Pandemus touched at Guam and Saipan on her way to San Pedro Bay, Leyte, Philippine Islands. She serviced landing and small craft in that area and then at Okinawa and Shanghai, China. She was put to sea from Shanghai on 21 December 1945 and steamed by way of Pearl Harbor, Hawaii, to San Pedro, Los Angeles, arriving there on 5 February 1946. She departed San Pedro on 11 February 1946 on her way to Mobile, Alabama, where she arrived on 3 March 1946. She shifted to Algiers, Louisiana, on 4 July 1946 and decommissioned there on 23 September 1946.

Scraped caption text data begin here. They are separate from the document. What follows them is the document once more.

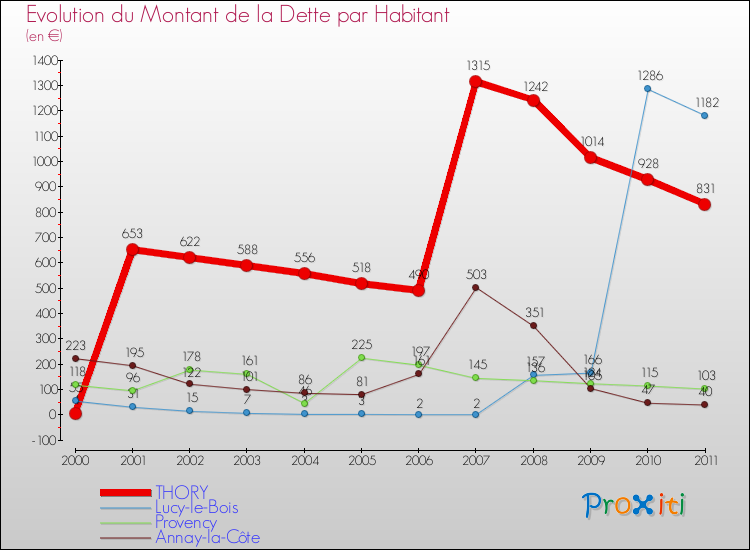Evolution de la dette par habitant pour la commune de THORY et les communes proches Comparaison de la dette par habitant pour THORY et les communes voisines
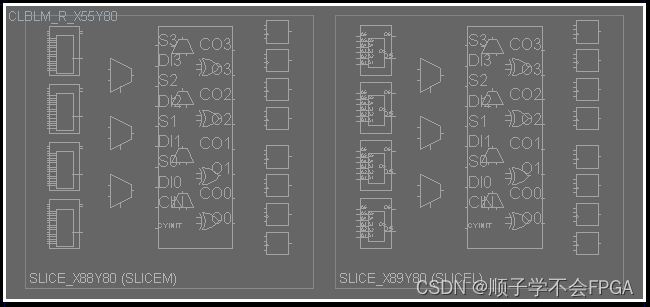 FPGA学习_Xilinx7系列FPGA基本结构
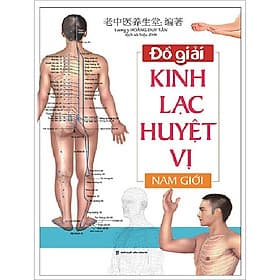 Sách Đồ Giải Kinh Lạc Huyệt Vị - Nam Giới - Hú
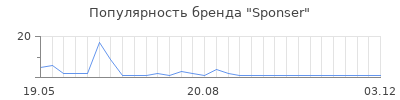Популярность Sponser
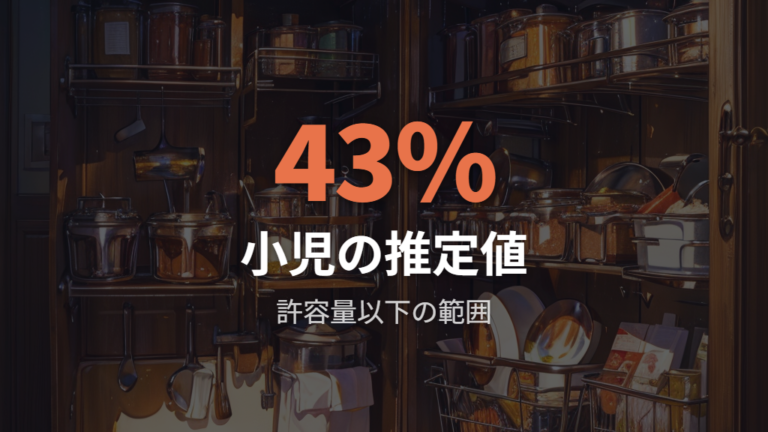 食品全体から見るアルミニウム摂取
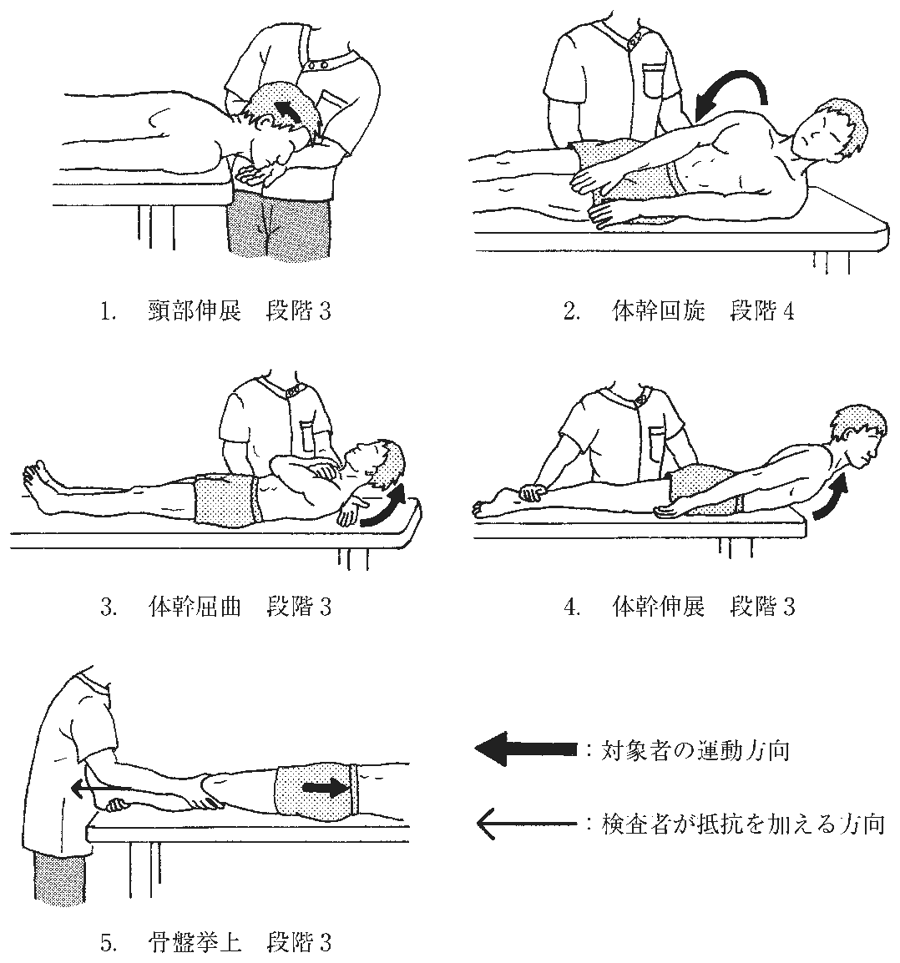 第57回午前 PT 問5 図（出典：厚生労働省）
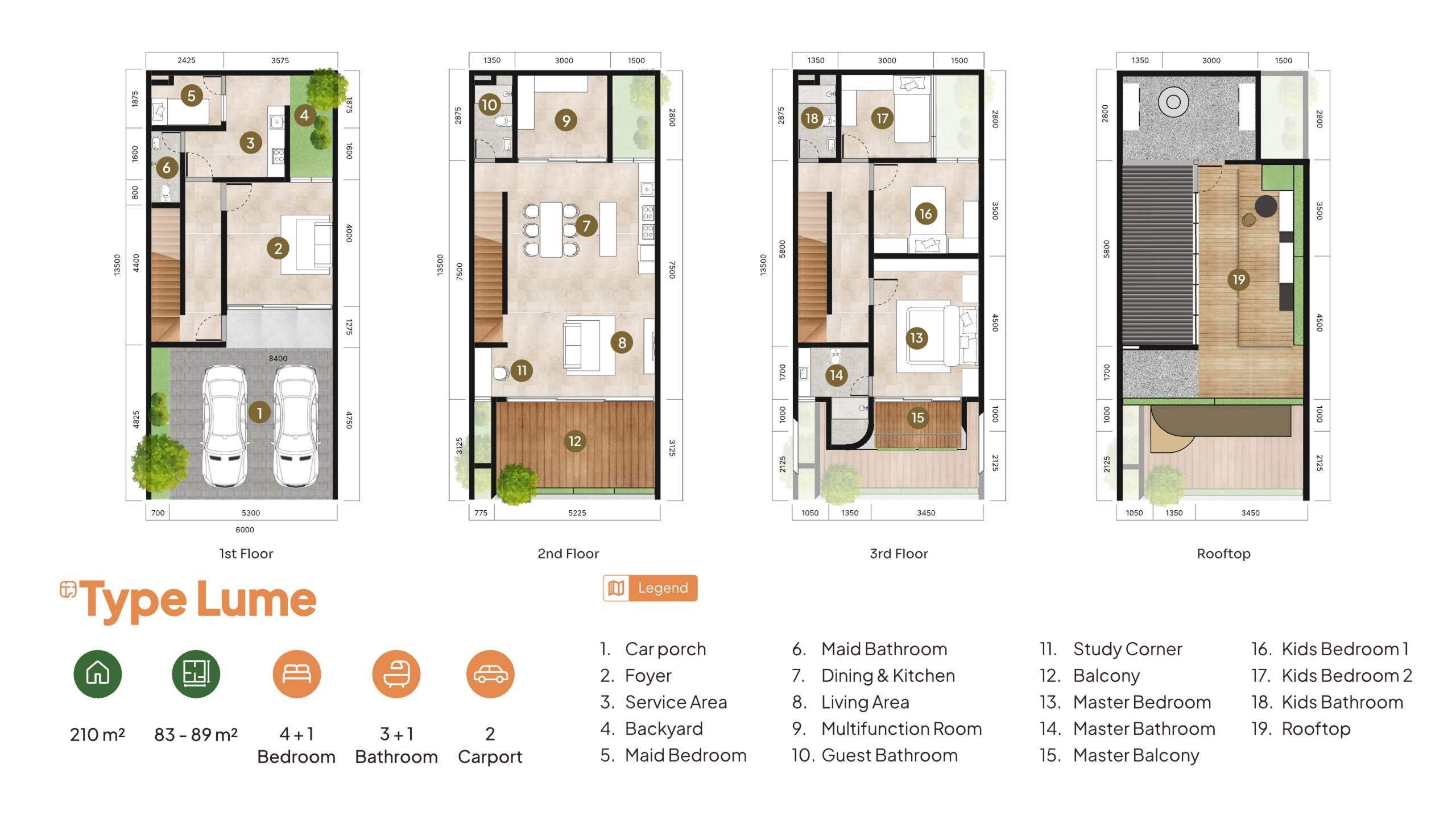 Myhomes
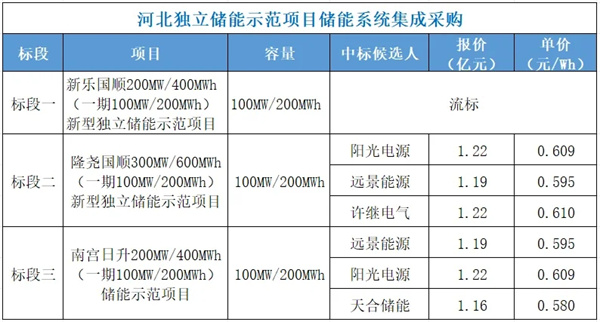 远景能源/阳光电源预中标！河北独立储能示范项目600MWh储能系统集采开标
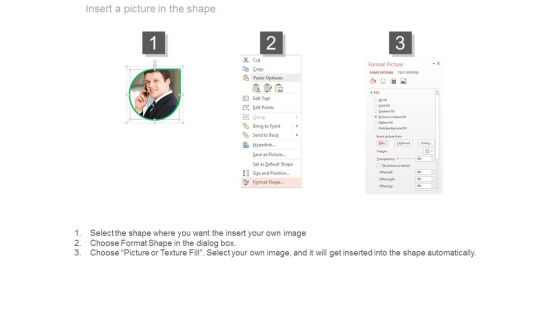 Business Employee Profile Growth Chart Powerpoint Slides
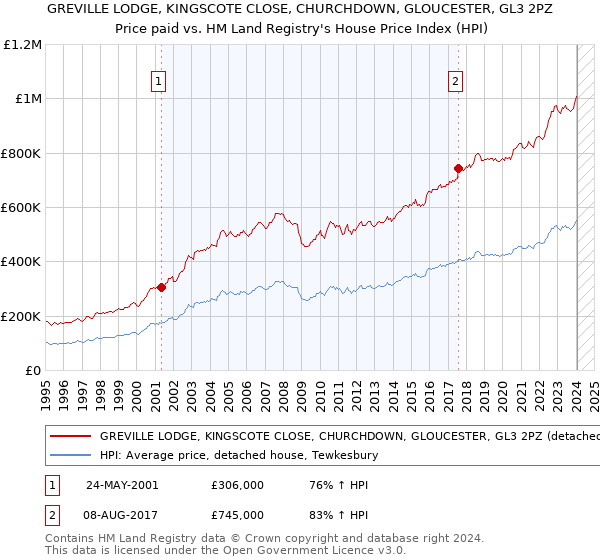 GREVILLE LODGE, KINGSCOTE CLOSE, CHURCHDOWN, GLOUCESTER, GL3 2PZ: Price paid vs HM Land Registry's House Price Index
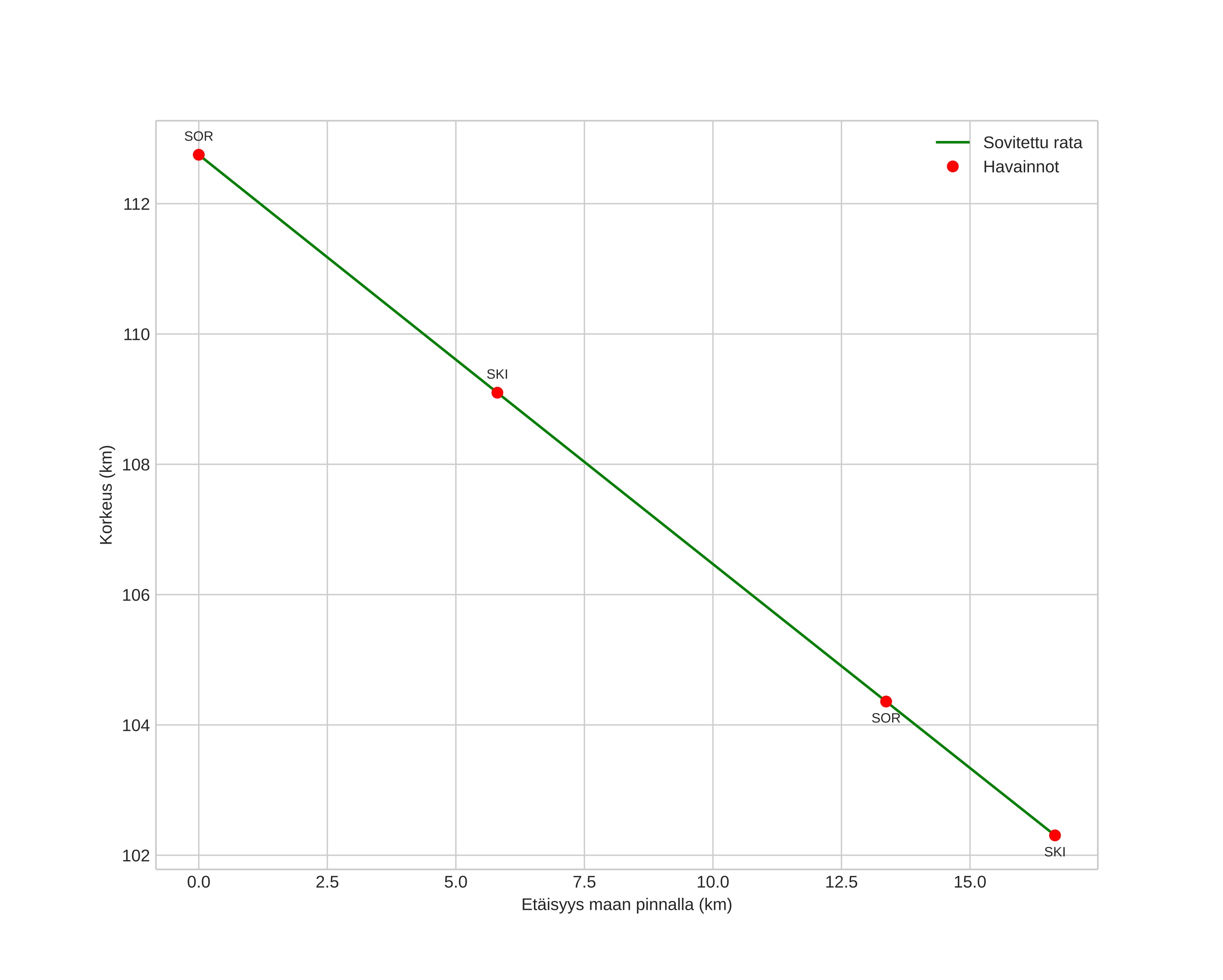 height profile
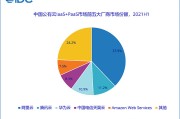 移动公司行业在金木水火土五行中属于哪类呢? (移动公司行业经理做什么工作)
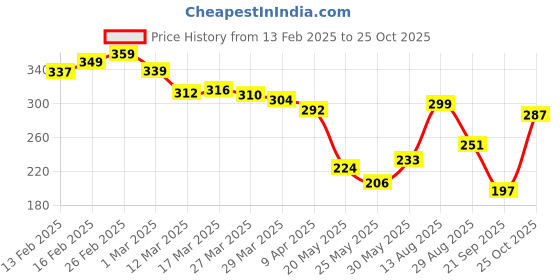 myntra.com glitchez Cool Vibe Minimal Printed Relaxed Fit T-shirt glitchez Price History Graph from 13 Feb 2025 to 25 Oct 2025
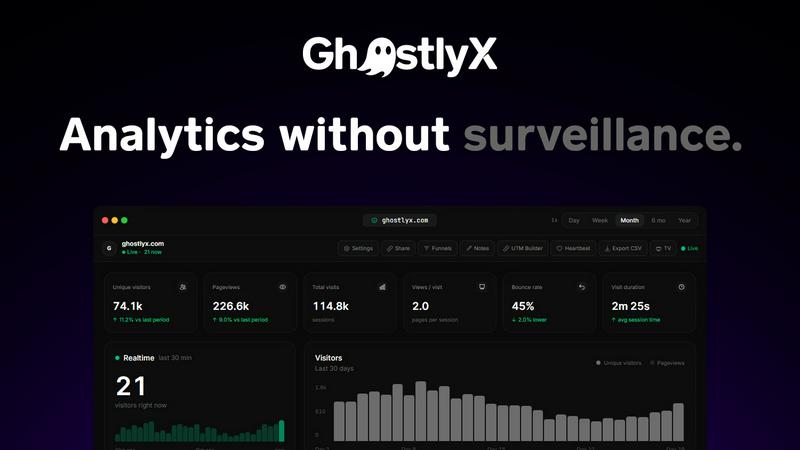 GhostlyX Privacy-First Web Analytics application interface and features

===2nd commission, 1951–1968===
Pandemus recommissioned at Green Cove Springs, Florida, on 14 December 1951. After fitting out at Merrill Stevens Shipyard at Jacksonville, Florida, she visited Norfolk, Virginia, on 23 January 1952 and arrived at her new home port, the U.S. Naval Minecraft Base at Charleston, South Carolina, on 30 March 1952 and began 16½ years of service supporting minesweeping operations along the United States East Coast from Newport, Rhode Island, to Key West, Florida, and in the Caribbean and Gulf of Mexico.

==Final decommissioning and disposal==
Pandemous decommissioned on 30 September 1968 and was struck from the Naval Vessel Register on 1 October 1968. She was sunk as a target in late 1969.

==Honors and awards==
Pandemus received one battle star for World War II service.